4.        Accordi internazionali – Accordi dell’Unione – Primato sugli atti di diritto derivato dell’Unione – Obbligo di interpretare gli atti di diritto derivato alla luce degli accordi internazionali – Interpretazione della direttiva 2000/78 alla luce della convenzione delle Nazioni Unite sui diritti delle persone con disabilità

(Art. 216, § 2, TFUE; direttiva del Consiglio 2000/78)

5.        Politica sociale – Parità di trattamento in materia di occupazione e di condizioni di lavoro – Direttiva 2000/78 – Divieto di discriminazione fondata sulla disabilità – Nozione di «handicap»

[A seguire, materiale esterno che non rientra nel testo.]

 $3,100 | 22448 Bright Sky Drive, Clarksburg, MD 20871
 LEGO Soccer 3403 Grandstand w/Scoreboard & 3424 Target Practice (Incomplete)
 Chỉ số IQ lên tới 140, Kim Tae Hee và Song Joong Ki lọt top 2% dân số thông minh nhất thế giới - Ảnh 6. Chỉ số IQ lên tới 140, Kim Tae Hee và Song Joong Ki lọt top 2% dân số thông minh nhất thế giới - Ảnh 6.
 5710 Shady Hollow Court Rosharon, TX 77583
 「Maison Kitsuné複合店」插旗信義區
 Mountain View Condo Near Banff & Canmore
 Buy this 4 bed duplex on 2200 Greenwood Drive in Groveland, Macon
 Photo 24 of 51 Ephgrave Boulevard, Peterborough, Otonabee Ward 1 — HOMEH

(Direttiva del Consiglio 2000/78)

6.        Politica sociale – Parità di trattamento in materia di occupazione e di condizioni di lavoro – Direttiva 2000/78 – Divieto di discriminazione fondata sulla disabilità – Incapacità di procreare in modo naturale – Patologia tale da non impedire a una madre committente di accedere ad un lavoro, di svolgerlo o di avere una promozione – Insussistenza di discriminazione

(Direttiva del Consiglio 2000/78)

7.        Questioni pregiudiziali – Competenza della Corte – Limiti – Convenzione internazionale che vincola l’Unione – Esame di validità di una direttiva alla luce di una convenzione internazionale – Convenzione delle Nazioni Unite sui diritti delle persone con disabilità – Valutazione, alla luce di talune norme di detta convenzione, della validità della direttiva 2000/78 – Esclusione

[Art. 267, § 1, b), TFUE; direttiva del Consiglio 2000/78]

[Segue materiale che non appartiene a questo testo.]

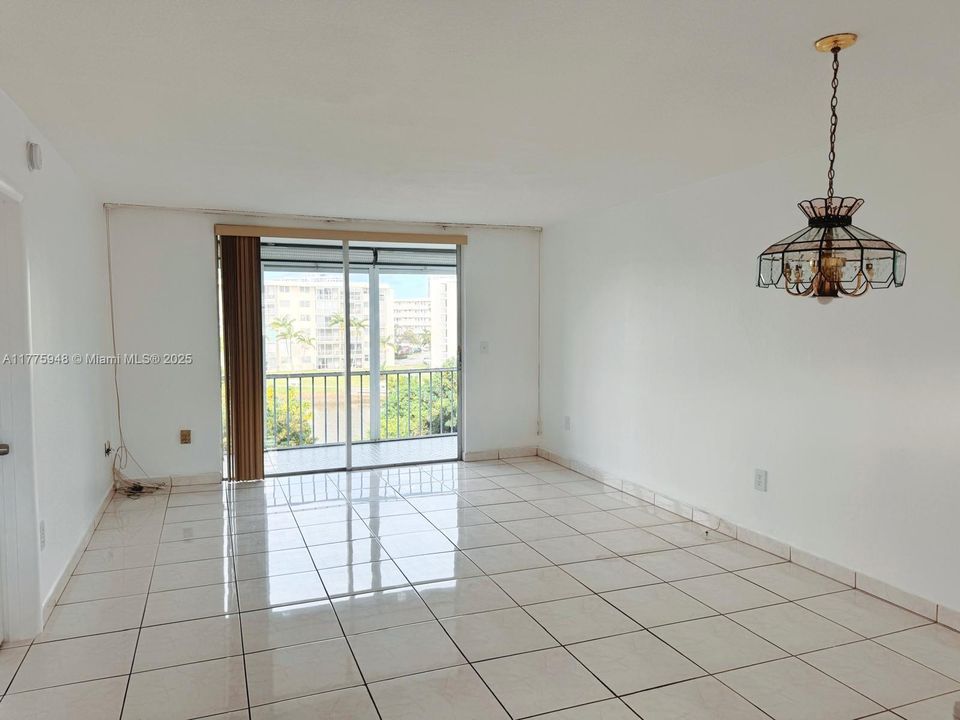 待售: $145,000 (1 贝兹, 1 浴室, 768 平方英尺)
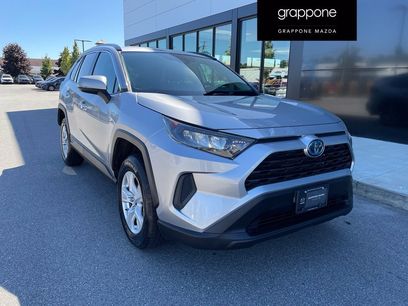 Used 2021 Toyota RAV4 LE w/ Carpet Mat Package (TMS)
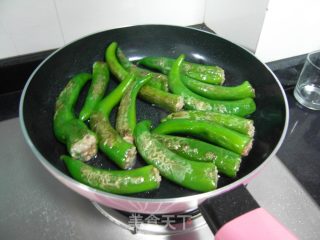 肉馅酿青椒的做法步骤：4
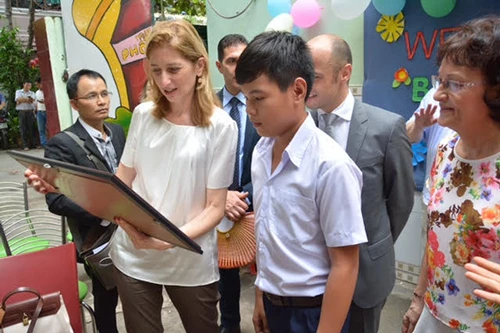 Ái nữ của Tổng thống Italia làm từ thiện tại TP.Hồ Chí Minh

1.        La direttiva 2006/54, riguardante l’attuazione del principio delle pari opportunità e della parità di trattamento fra uomini e donne in materia di occupazione e impiego, in particolare agli articoli 4 e 14, deve essere interpretata nel senso che non costituisce una discriminazione fondata sul sesso il fatto di negare la concessione di un congedo retribuito equivalente a un congedo di maternità a una lavoratrice che abbia avuto un figlio mediante un contratto di maternità surrogata, in qualità di madre committente.

In primo luogo, quanto alle discriminazioni di cui all’articolo 2, paragrafo 1, lettere a) e b), di tale direttiva, un simile rifiuto non si fonda su una ragione che riguarda esclusivamente i lavoratori di uno dei due sessi. In secondo luogo, quanto all’articolo 2, paragrafo 2, lettera c), di tale direttiva, una madre committente che abbia avuto un figlio mediante un contratto di maternità surrogata non può, per definizione, essere oggetto di un trattamento meno favorevole per ragioni collegate alla sua gravidanza, poiché la stessa non è mai stata incinta di questo figlio. In terzo luogo, dato che la direttiva 92/85, concernente l’attuazione di misure volte a promuovere il miglioramento della sicurezza e della salute sul lavoro delle lavoratrici gestanti, puerpere o in periodo di allattamento, deve essere interpretata nel senso che gli Stati membri non sono tenuti a riconoscere un diritto al congedo di maternità ai sensi dell’articolo 8 di tale direttiva a una lavoratrice che abbia avuto un figlio mediante un contratto di maternità surrogata, in qualità di madre committente, nemmeno quando, dopo la nascita, essa effettivamente allatti, o comunque possa allattare, al seno il bambino, una tale madre non è oggetto di un trattamento meno favorevole per ragioni collegate all’aver beneficiato di un congedo di maternità, ai sensi della direttiva 92/85, e non è quindi possibile considerarla oggetto di una discriminazione fondata sul sesso ai sensi dell’articolo 2, paragrafo 2, lettera c), della direttiva 2006/54.

(v. punti 51, 52, 57‑60, 67, dispositivo 1)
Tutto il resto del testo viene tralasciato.